Segundo nota da entidade, a proposta do governo dialoga com modelos adotados em outros países, como por exemplo na França, onde municípios com arrecadação inferior a 30% da receita própria têm que transferir algumas de suas competências para outras esferas governamentais ou fazer arranjos institucionais, como consórcios.
“Em um país de dimensões continentais, a alternativa mais adequada não passa necessariamente pela diminuição no número de municípios; deveria passar preliminarmente pela combinação de medidas estruturantes, dentre as quais, um novo desenho para a distribuição de competências entre os entes federados, o incentivo ao consorciamento, a revisão na destinação de recursos para as Câmaras Municipais e a implementação de um índice oficial que meça a eficiência na arrecadação dos tributos próprios dos entes subnacionais”, diz.
A Confederação Nacional dos Municípios (CNM) também realizou estudo sobre as cidades ameaçadas e encontrou 1.217 municípios na mira do governo. Veja a lista.

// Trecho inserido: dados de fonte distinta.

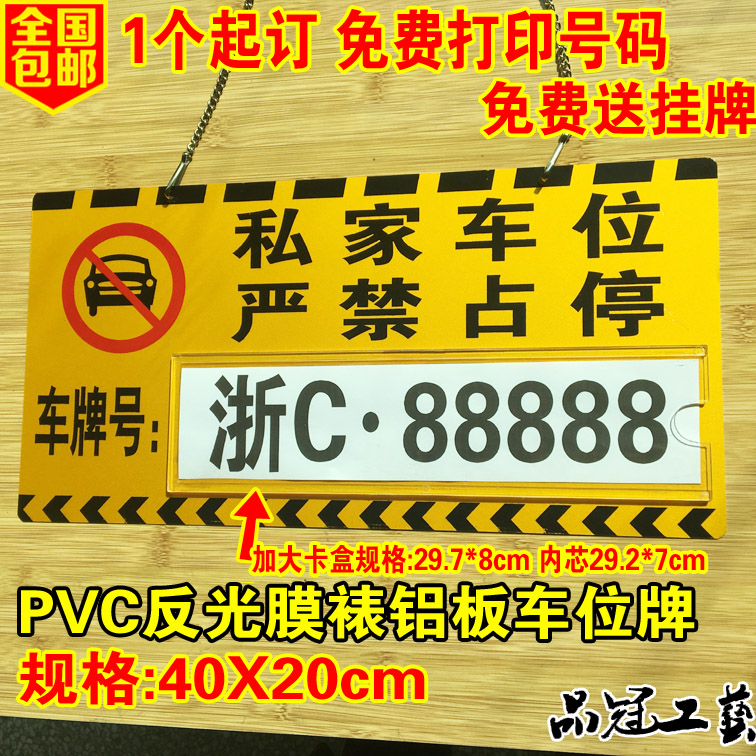 私家专用车位牌挂牌反光膜铝板小区吊警示禁止停车牌标挂车库门前 文具电教/文化用品/商务用品 标志牌/提示牌/付款码 原图主图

A entidade criticou a proposta e afirma que ela mostra “falta de conhecimento acerca da realidade brasileira”. Segundo a CNM, 82% das mais de 5 mil cidades brasileiras não alcançam o patamar de 10% de receita própria, incluindo a capital de Roraima, Boa Vista, que possui quase 400 mil habitantes.

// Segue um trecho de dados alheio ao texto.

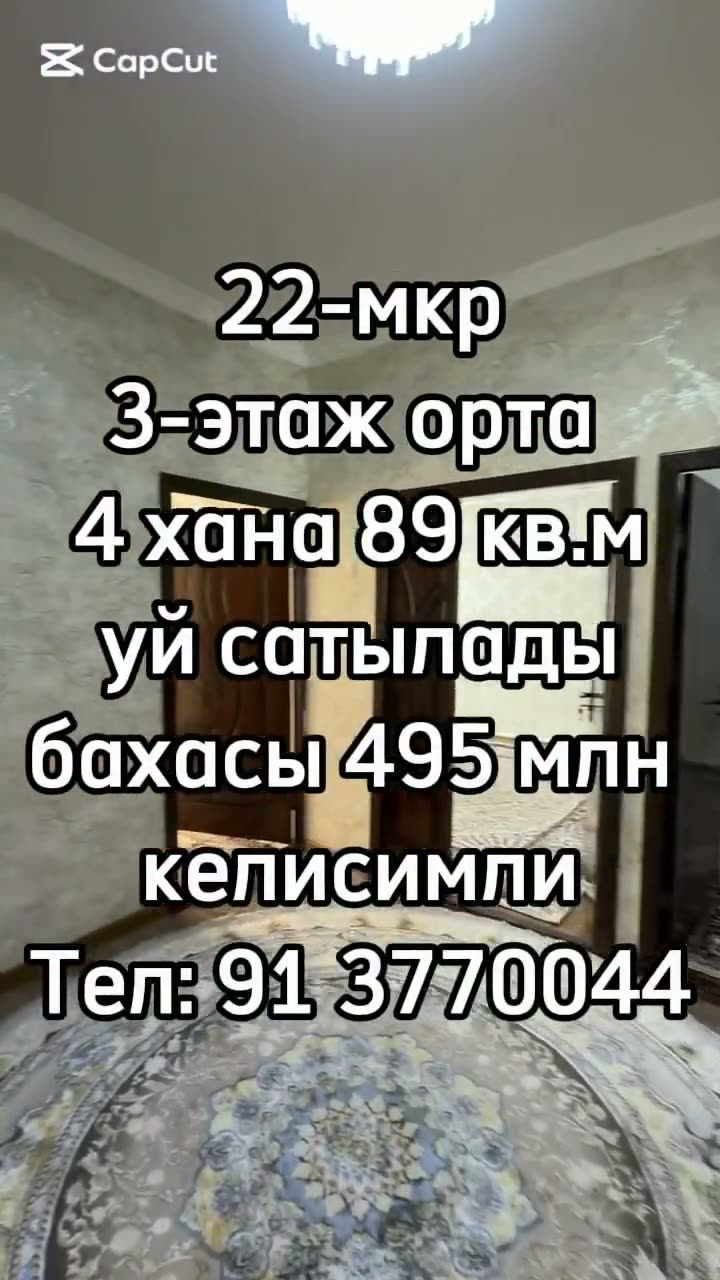 4 xanalı kvartira, 22-mkr, Nókis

A entidade afirma que o atendimento à população e os serviços públicos prestados devem ser critérios primordiais nessa análise. “Afinal, é para isso que serve o poder público – prestar e entregar condições básicas para que seus cidadãos possam progredir e produzir, pagar impostos e promover o crescimento econômico e social. Somente assim o Brasil pode se desenvolver”, afirmou, em nota.
A CNM argumenta ainda que a proposta fere o princípio federativo, cláusula pétrea da Constituição, e que a outros países possuem número muito maior de cidades, casos da Alemanha – 11 mil – e Espanha – 8 mil.